An exact transcription of the listing, without its images, is what the answer must contain.

→ **Dataset content**:
* * * * * * * * *

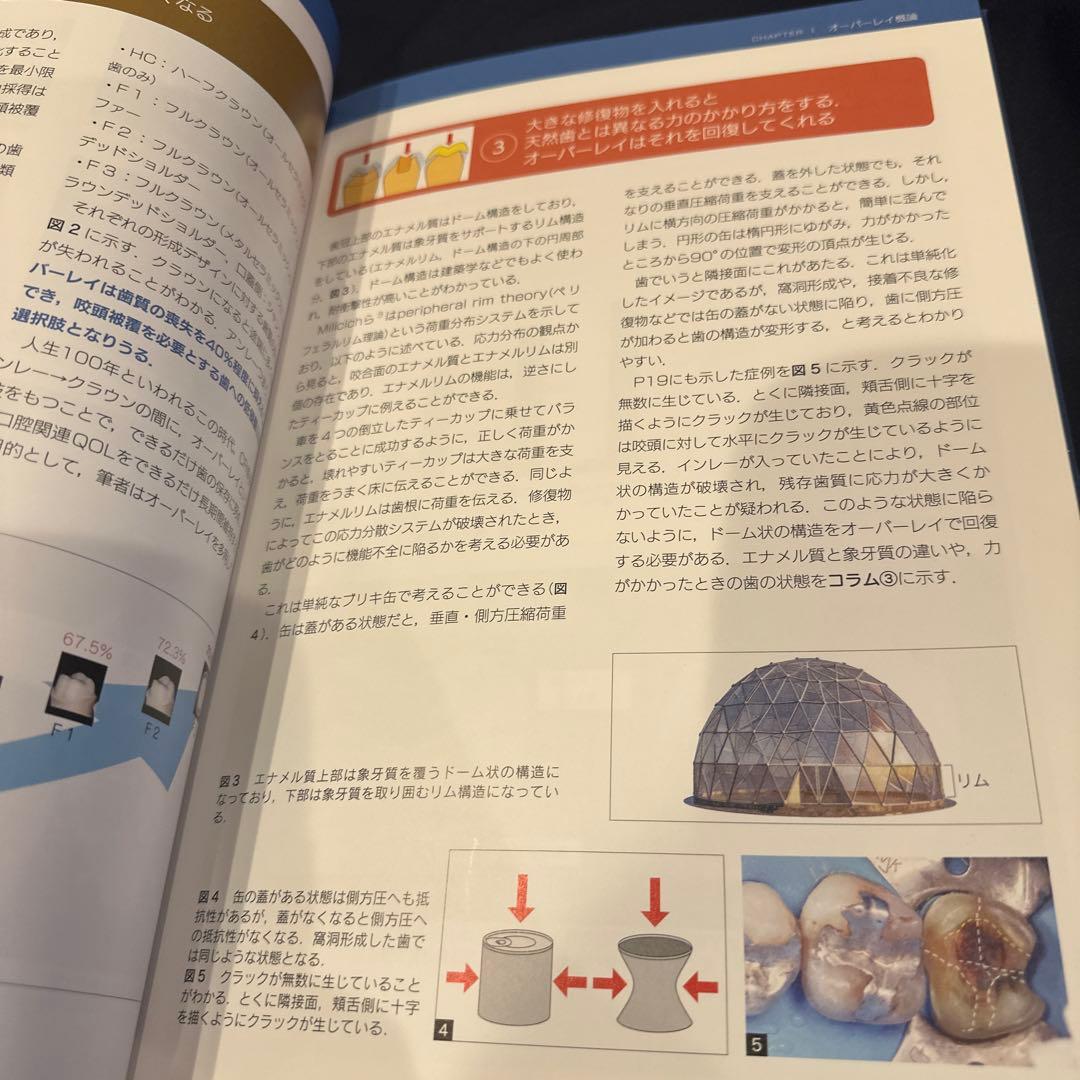 オーバーレイ修復 超入門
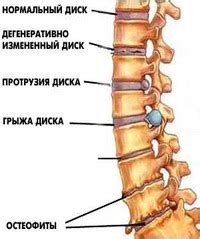 Какие симптомы сопровождают межпозвонковую грыжу?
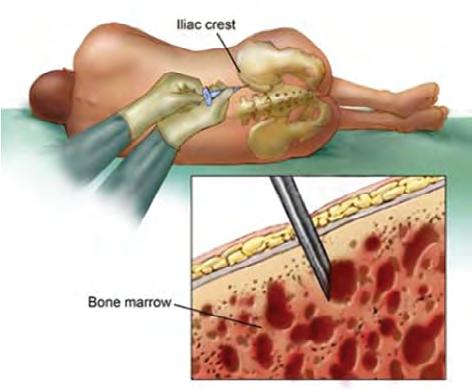 The Bone Marrow Biopsy & Aspirate Bone marrow examination When blood tests indicate the presence of low blood counts (cytopenias), your physician may recommend a bone marrow examination.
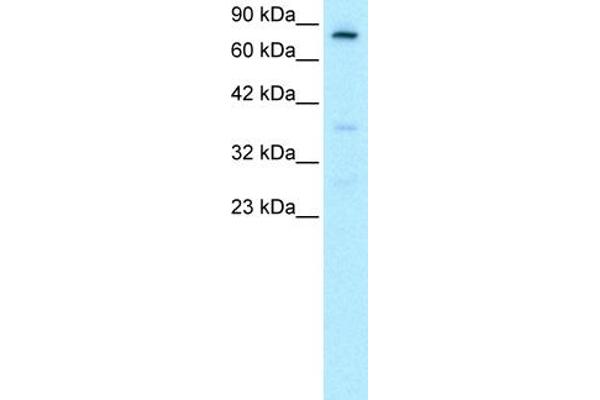 FOXE3 anticorps  (C-Term)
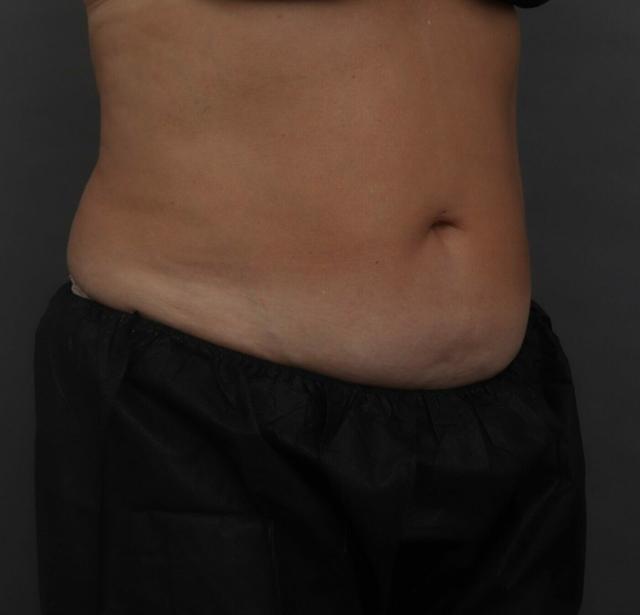 Liposuction before at O'Neill Plastic Surgery in Charleston, SC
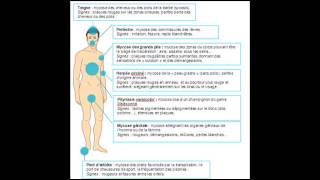 Traitements Naturel Des Mycoses [upl. by Cenac]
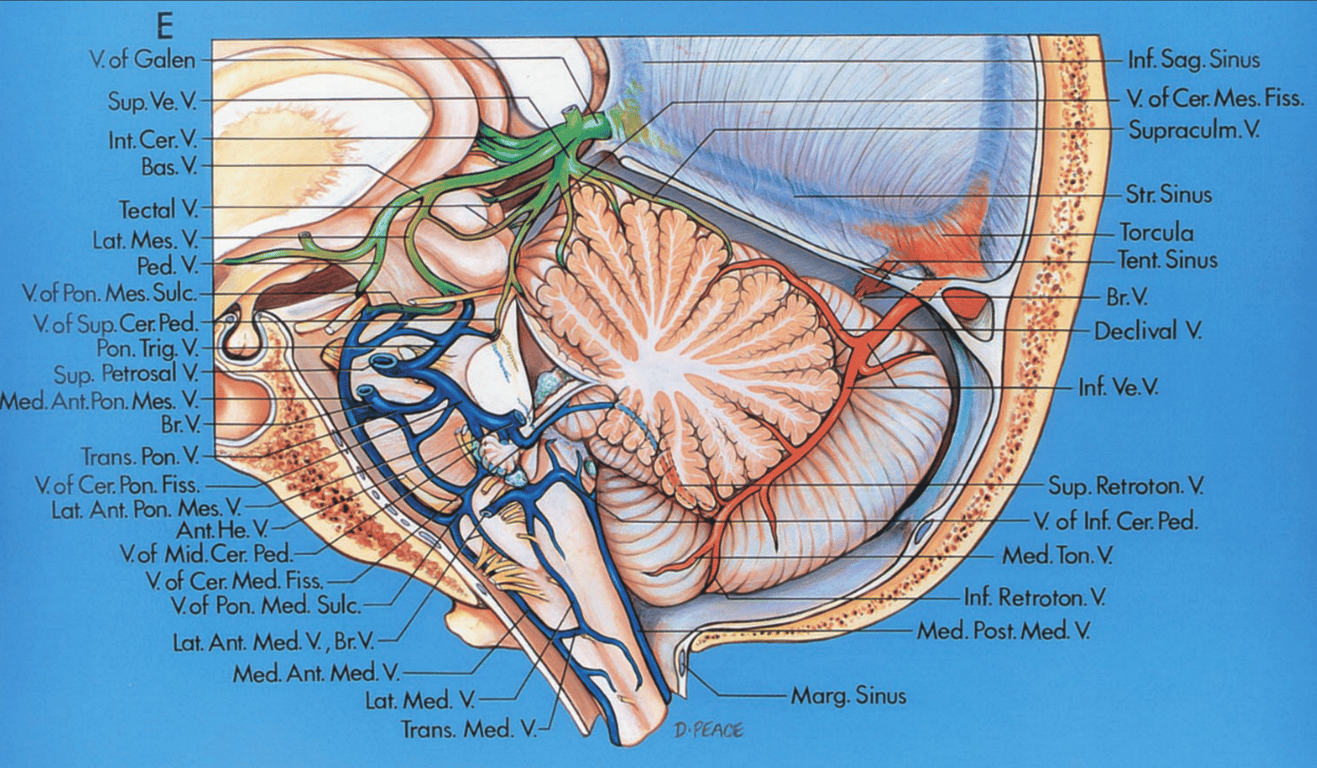 Midsagittal section of cerebellum and fourth ventricle, left lateral view. The left half of the cerebellum has been removed to expose the fourth ventricle. 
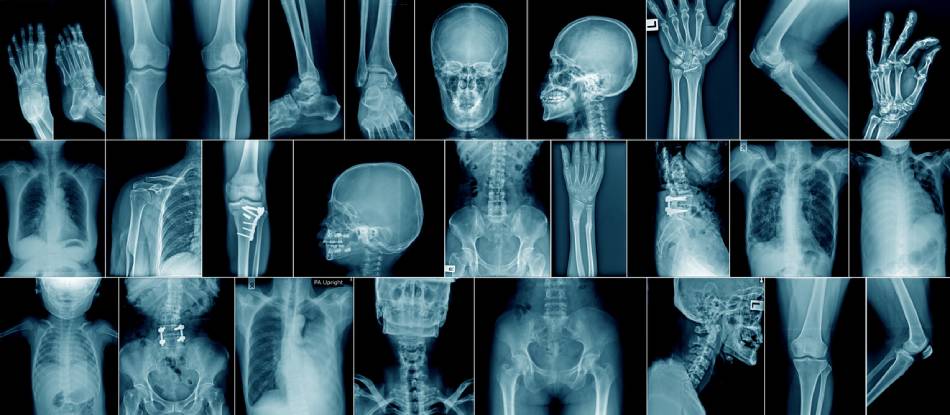 From X-Rays to xtype: How Game-Changing Technologies Illuminate Our World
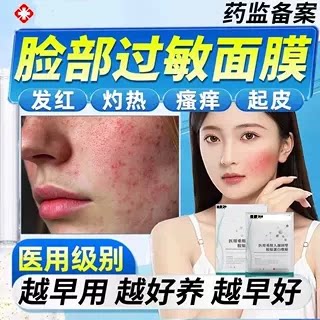抗过敏皮肤修复脸部泛红痒肌肤皮炎用医脱敏补水干燥起皮膜面膏AY
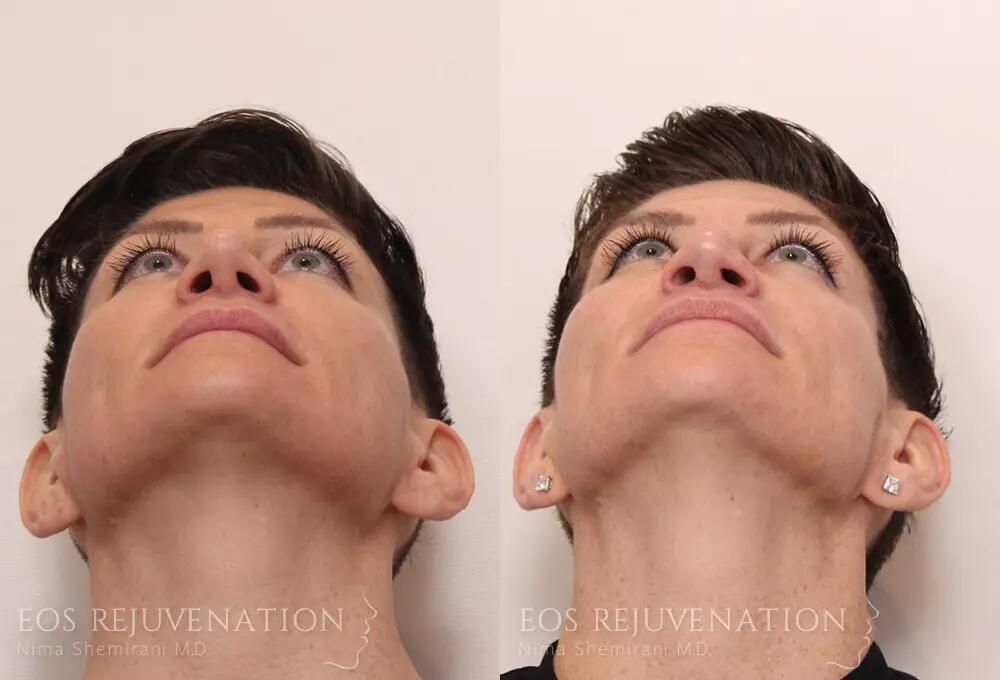Revision Rhinoplasty Before & After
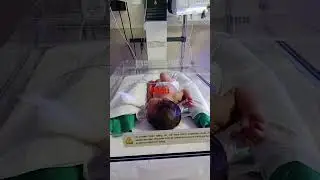 #nicu #nurses #doctor #subscribe #like #share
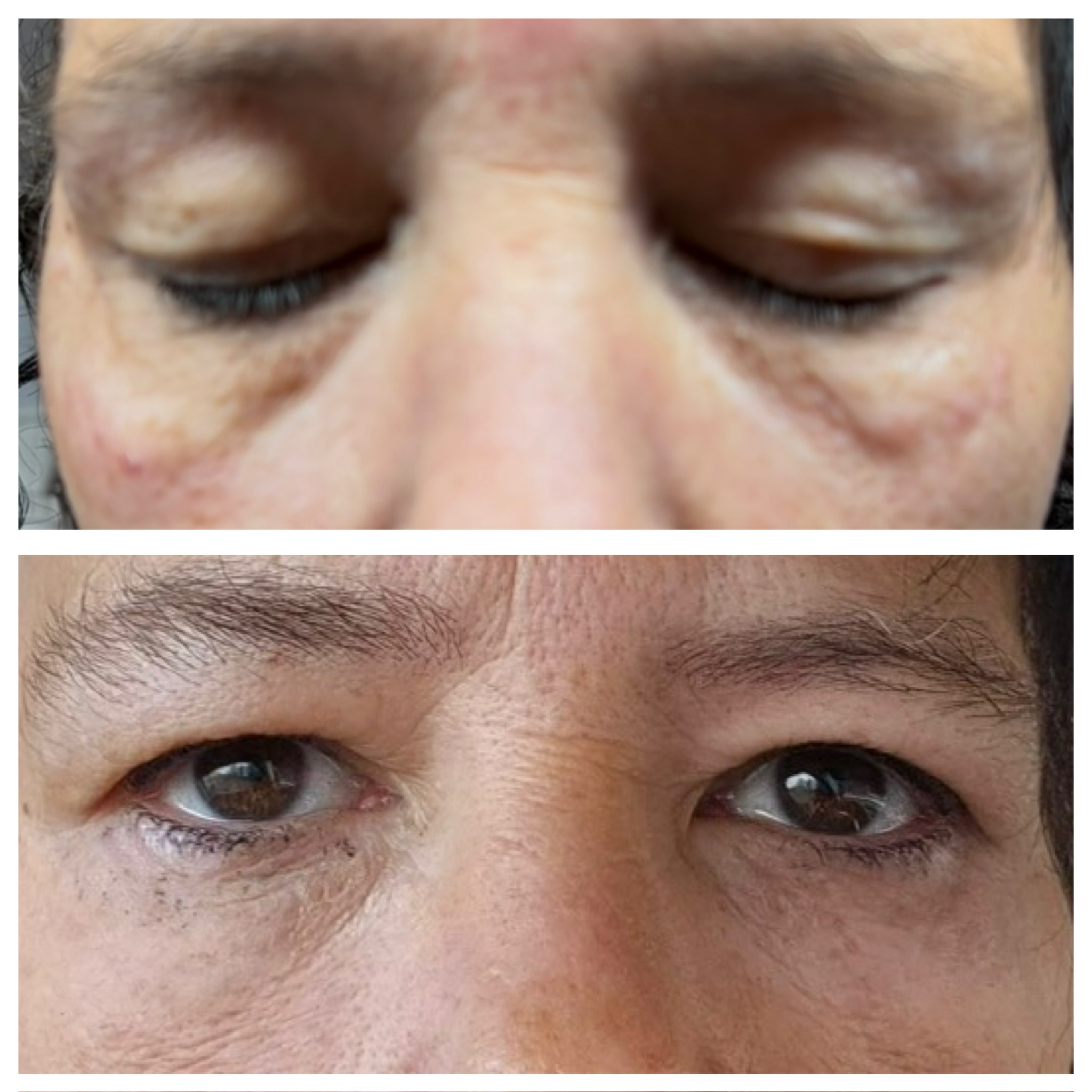 Derma 2.0 Eyes vs Polynucleotides: Which Under-Eye Treatment Is Right for You?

* * * * * * * * *

→ **Answer for this exercise**:
 オーバーレイ修復 超入門
 Какие симптомы сопровождают межпозвонковую грыжу?
 The Bone Marrow Biopsy & Aspirate Bone marrow examination When blood tests indicate the presence of low blood counts (cytopenias), your physician may recommend a bone marrow examination.
 FOXE3 anticorps  (C-Term)
 Liposuction before at O'Neill Plastic Surgery in Charleston, SC
 Traitements Naturel Des Mycoses [upl. by Cenac]
 Midsagittal section of cerebellum and fourth ventricle, left lateral view. The left half of the cerebellum has been removed to expose the fourth ventricle. 
 From X-Rays to xtype: How Game-Changing Technologies Illuminate Our World
抗过敏皮肤修复脸部泛红痒肌肤皮炎用医脱敏补水干燥起皮膜面膏AY
Revision Rhinoplasty Before & After
 #nicu #nurses #doctor #subscribe #like #share
 Derma 2.0 Eyes vs Polynucleotides: Which Under-Eye Treatment Is Right for You?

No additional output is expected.